# advice for pensioner wanting to retire to Benidorm



## lisa70 (Mar 22, 2009)

Hi

I am posting this question for a family friend who wants to move to the Benidorm area to live. She is looking for long term rental property in or close to the Benidorm area. Having had a quick look at rental property the average rent seems to be around 500 to 600 Euros. She will have some money behind her to survive on from the sale of her home in the UK, and is already receiving a state pension here at home.

The questions she would like advice on are:
long term renting, 
cost of living (general, everyday), 
pension (we think she is still allowed her pension?), 
and we read something about needing a residency certificate? 

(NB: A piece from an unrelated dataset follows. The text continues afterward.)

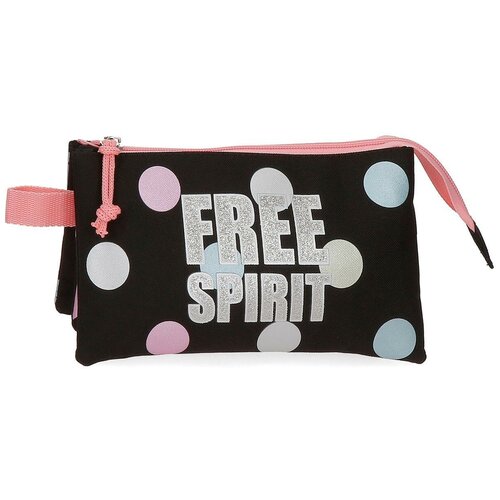 Пенал с 3-мя отделениями Movom Free dots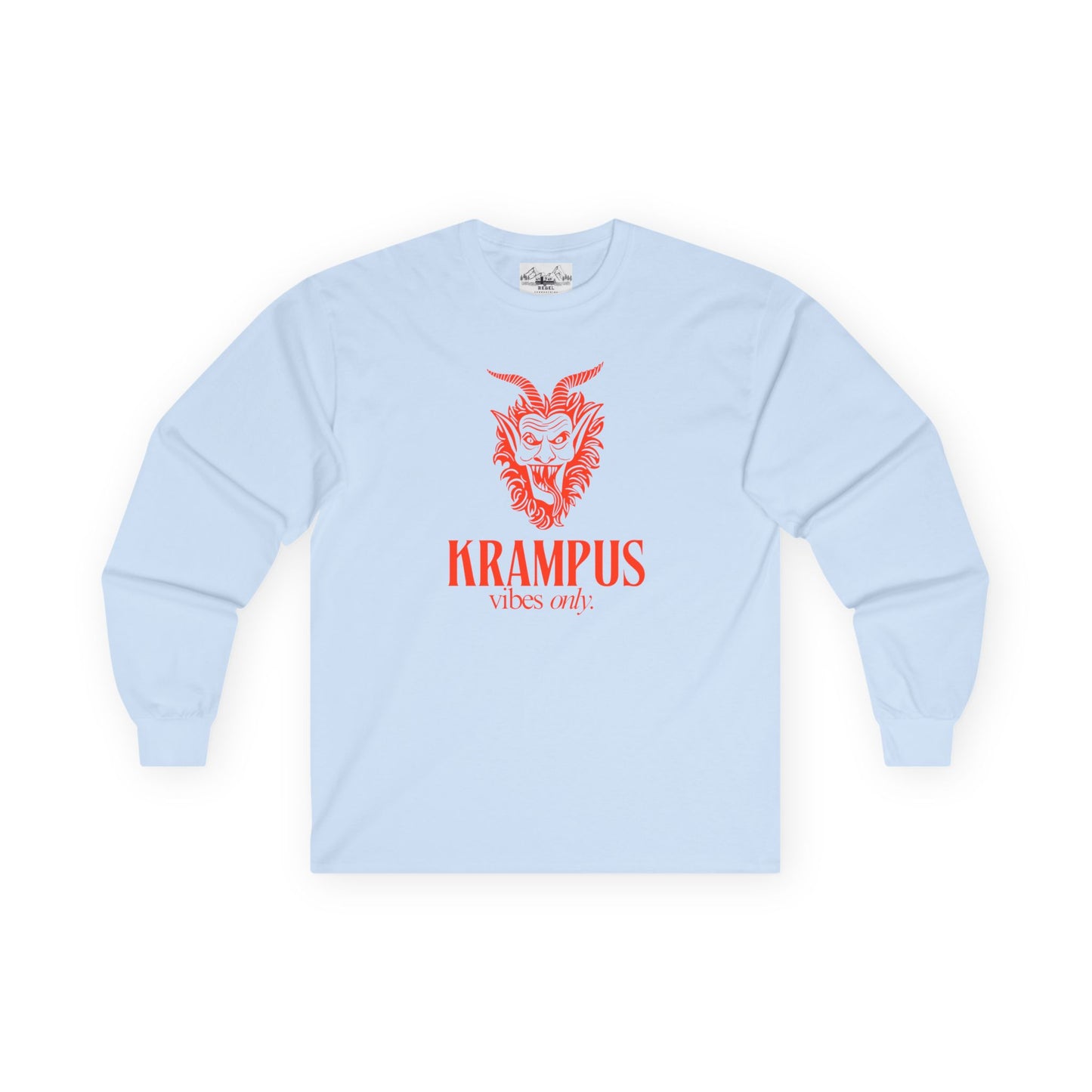 KRAMPUS Vibes Only Vintage Long-Sleeve Tee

Any help greatly appreciated...thanks
Lisa x


----------



## SteveHall (Oct 17, 2008)

** I think if you and friend look through this forum you will find answers to all of these questions 
A couple of quick pointers: 

The rental price strikes me as more than she will need to pay. She should get over here for a period and start looking around, asking in bars/expat shops. She should get something for 400 long-term I am sure. 
Cost of living - covered elswehere 
Pension - if she is UK citizen there should be no problems 
Residency - a formality. Nothing to worry about - nothing needs to be done until she comes here. 

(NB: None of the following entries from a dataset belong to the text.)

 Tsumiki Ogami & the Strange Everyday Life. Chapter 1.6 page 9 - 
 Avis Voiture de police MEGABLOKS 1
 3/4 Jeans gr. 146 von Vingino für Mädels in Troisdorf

Good Luck - tell her to start learning Spanish!


----------



## jojo (Sep 20, 2007)

a fact finding holiday is required I think!!!!!!!! That way she can find where she wants to be and chat to people already here and maybe make some friends???

Jo xxx


----------



## vernon (Jan 4, 2008)

I have sent you a Private Message with some advice as I live in Benidorm and my retired mother also lives here.

Regards, Vernon


----------



## SteveHall (Oct 17, 2008)

Hi Vernon. Good to see you here - hope you can help 

HUGE game for Torrevieja tomorrow. You there?


----------



## vernon (Jan 4, 2008)

SteveHall said:


> Hi Vernon. Good to see you here - hope you can help
> 
> HUGE game for Torrevieja tomorrow. You there?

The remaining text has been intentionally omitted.